Fourthly, Article 2 adopts inclusive and broad definition of discrimination. It states: “’Discrimination on the basis of disability’ means any distinction, exclusion or restriction on the basis of disability which has the purpose or effect of impairing or nullifying the recognition, enjoyment or exercise, on an equal basis with others, of all human rights and fundamental freedoms in the political, economic, social, cultural, civil or any other field. It includes all forms of discrimination, including denial of reasonable accommodation; […] “Reasonable accommodation” means necessary and appropriate modification and adjustments not imposing a disproportionate or undue burden, where needed in a particular case, to ensure to persons with disabilities the enjoyment or exercise on an equal basis with others of all human rights and fundamental freedoms;” Two aspects are worth noticing from an experimentalist point of view: first, the depth of the definition, without using the words ‘direct’ or ‘indirect’. Secondly, the inclusion of the denial of reasonable accommodation. This concept resonates with the features of experimentalist governance due to its adaptability to circumstances (ibid).

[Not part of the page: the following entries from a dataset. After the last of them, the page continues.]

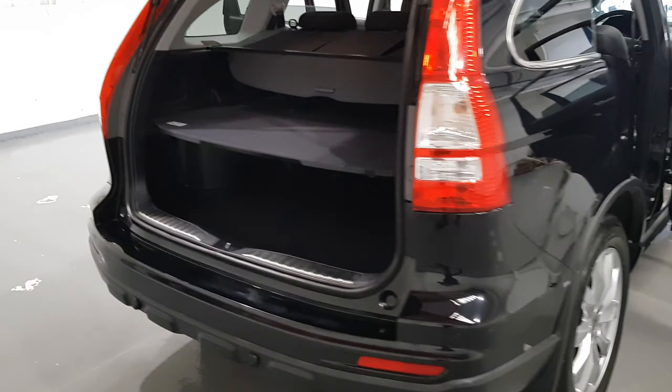Also on this car is a fantastic sized boot — it's absolutely huge with the divider shelf in the centre. It also has front and rear parking sensors, as you can see just down there, and split-folding rear seats.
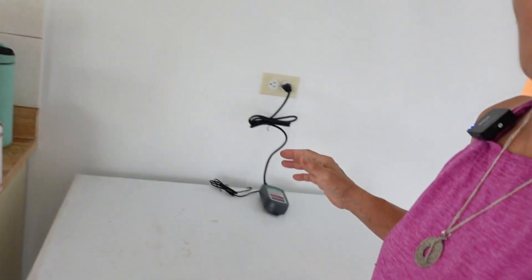Hey, this is Marjorie. You remember the other video I did where I was talking about how I was going to turn a chest freezer into a refrigerator?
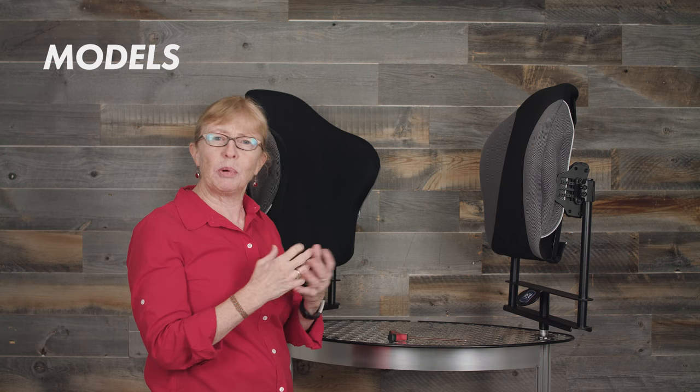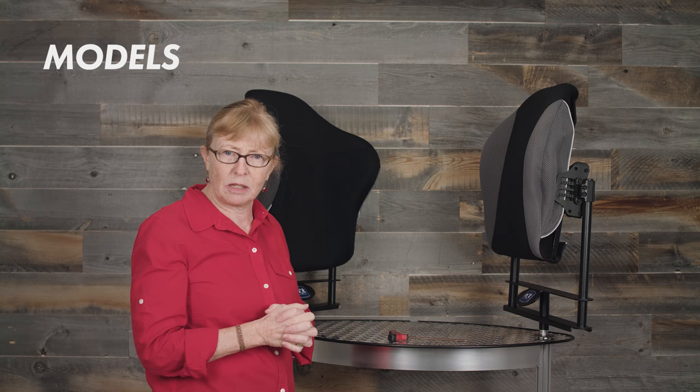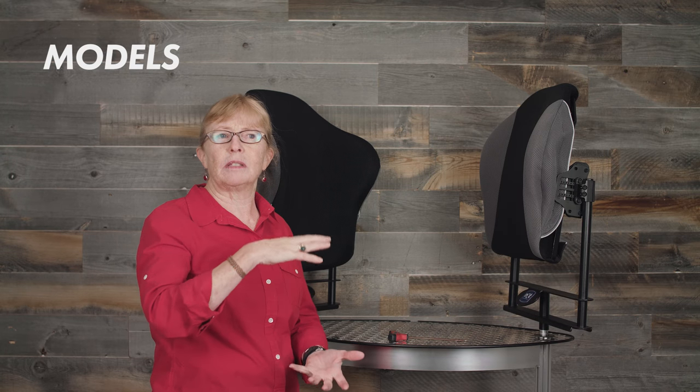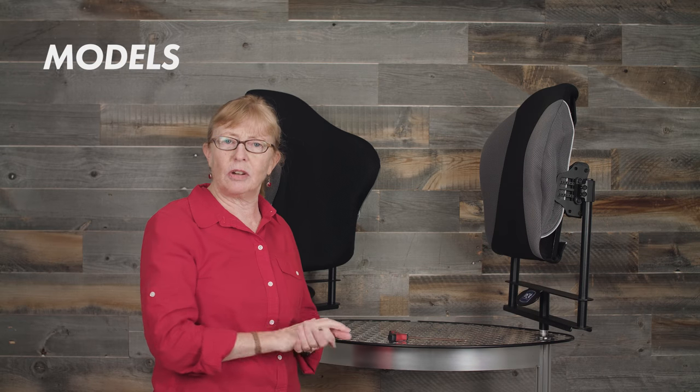However, one of my pet peeves has been that sometimes people feel they need a tall back just because the client is tall. So important measurements to take prior to ordering a back support would be from the bum to the PSIS, as well as from the PSIS to the inferior angle of the scapula. Over the years when I've measured people, regardless of their height, those measurements are not that different. Ultimately, measuring somebody helps you determine the back support length that you need.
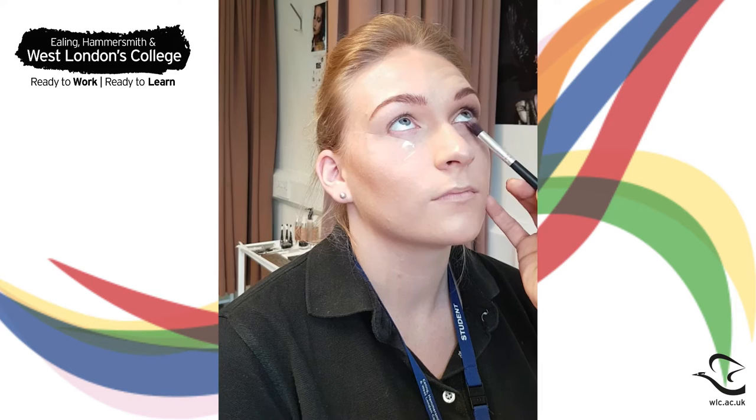Take that same mid-toned brown that we started with on a small pencil brush and buff it under the lower lash line, keeping it as close as you can. Then blend that with a clean fluffy brush.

Finally, the Convention mandates a substantive biennial meeting of the State Parties. Article 40 states: “The States Parties shall meet regularly in a Conference of States Parties in order to consider any matter with regard to the implementation of the present Convention.” While other human rights instruments also hold regular conferences, it is usually done for formal reasons – to elect members of the monitoring committee and take care of minor matters, without substantial discussions. In the case of CRPD, however, the meeting is intended to operate as a regular review, with the intention to enable states to meet regularly to discuss best practices and all matters of implementation. It is organised around a series of talks with a different theme each year and also includes multiple side events enabling the representative organisations, human rights organisations, civil society and other stakeholders to contribute to the agenda, network with each other as well as with states’ representatives and share best practices and experiences (de Burca, 2015, 2013).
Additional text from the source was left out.